November 24, 2016
Martin Schulz will go to Berlin
The big news in Germany this morning has been the decision by Martin Schulz not to seek a renewed term as president of the European Parliament, and to move to Berlin early in the New Year. The story was reported by Süddeutsche Zeitung, and confirmed by German TV, which reported that Schulz had told them of his decision. He is due to make a statement this morning.
Both news reports are cagey about what Schulz will do. In fact, they contain no hard information at all. What we can say with a high degree of confidence is that Schulz will become foreign minister, to succeed Frank-Walter Steinmeier who is the grand coalitions' official candidate for the German presidency, due to be elected on February 12. The SPD simply has no alternative candidate. We also know that Schulz wants to become the SPD's candidate for chancellor. It is up to Sigmar Gabriel to decide whether he wants to have a go at the candidacy, but Schulz is likely to be the more effective candidate - though he will have a tough time surpassing the CDU/CSU. The latest polls have the gap between the two parties at between 9 and 13 percentage points, but that gap could be reduced with a fresh candidate, especially somebody who is not soiled by German domestic politics.
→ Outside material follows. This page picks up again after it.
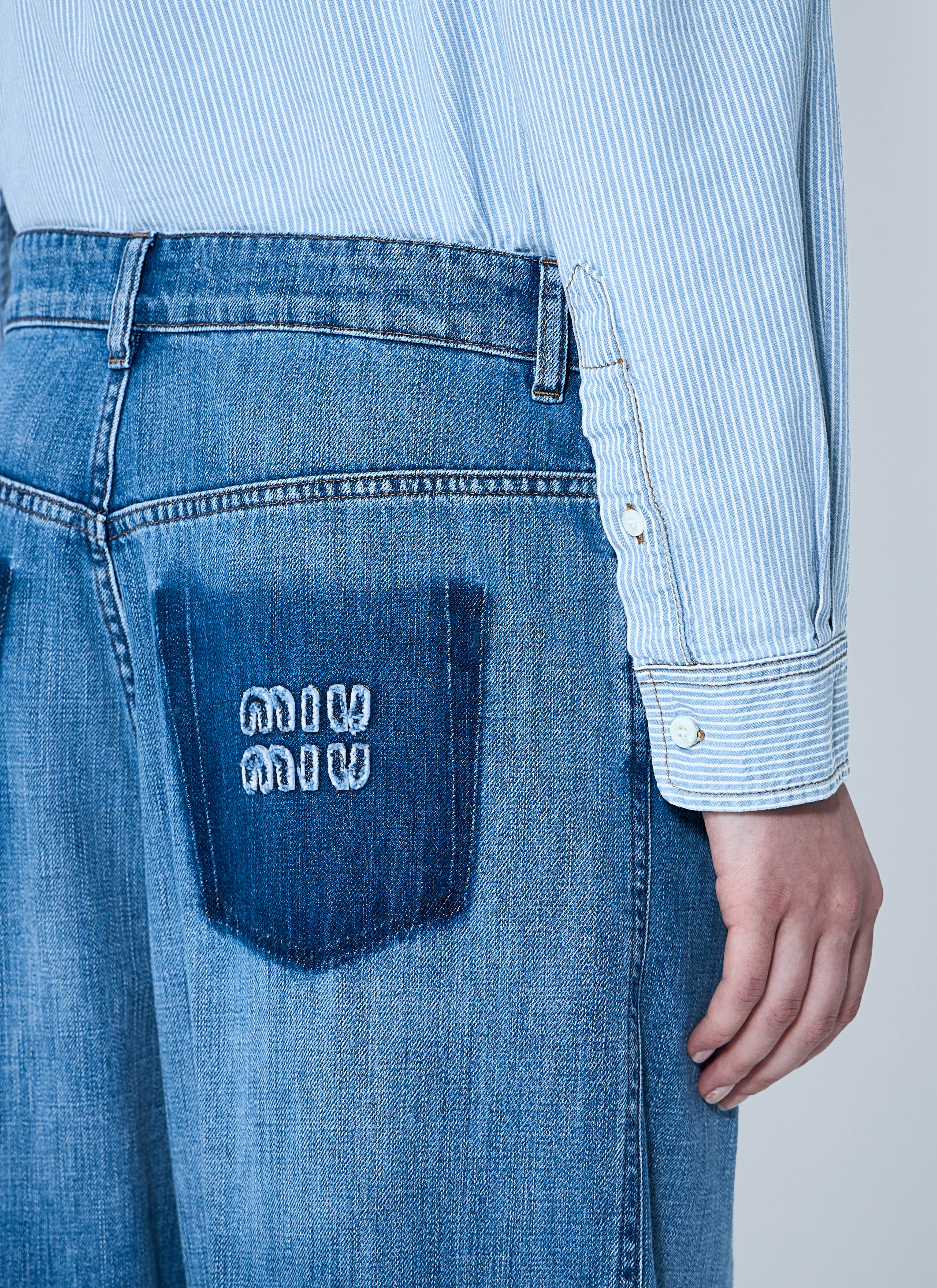 Miu Miu Women's' Logo Motif Jeans in Denim | LN-CC®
We also recall that Gerhard Schröder fought the 2002 and 2005 elections from a similar starting position relative to the CDU, and managed to win on the first occasion and lose only narrowly on the second. While the CDU/CSU has no alternative to Merkel, there is also disillusionment with her inside the party. A Schulz candidacy would introduce a new dynamic, and create new narratives.
The trouble is that Schulz also wants to become SPD chairman. As Helmut Schmidt and Gerhard Schröder discovered, the job of chancellor and SPD chairman naturally go together. There are no signs, however, that Gabriel is willing to give up the chairmanship of the SPD. Gabriel and Schulz are personal friends - as much one can say this about professional politicians. As SPD chairman, Gabriel has the first right of refusal. We would not be surprised if he allowed Schulz to take on Merkel. But we are not sure whether or how the two will resolve the conflict about the SPD chairmanship. One option is to postpone a decision until after the elections.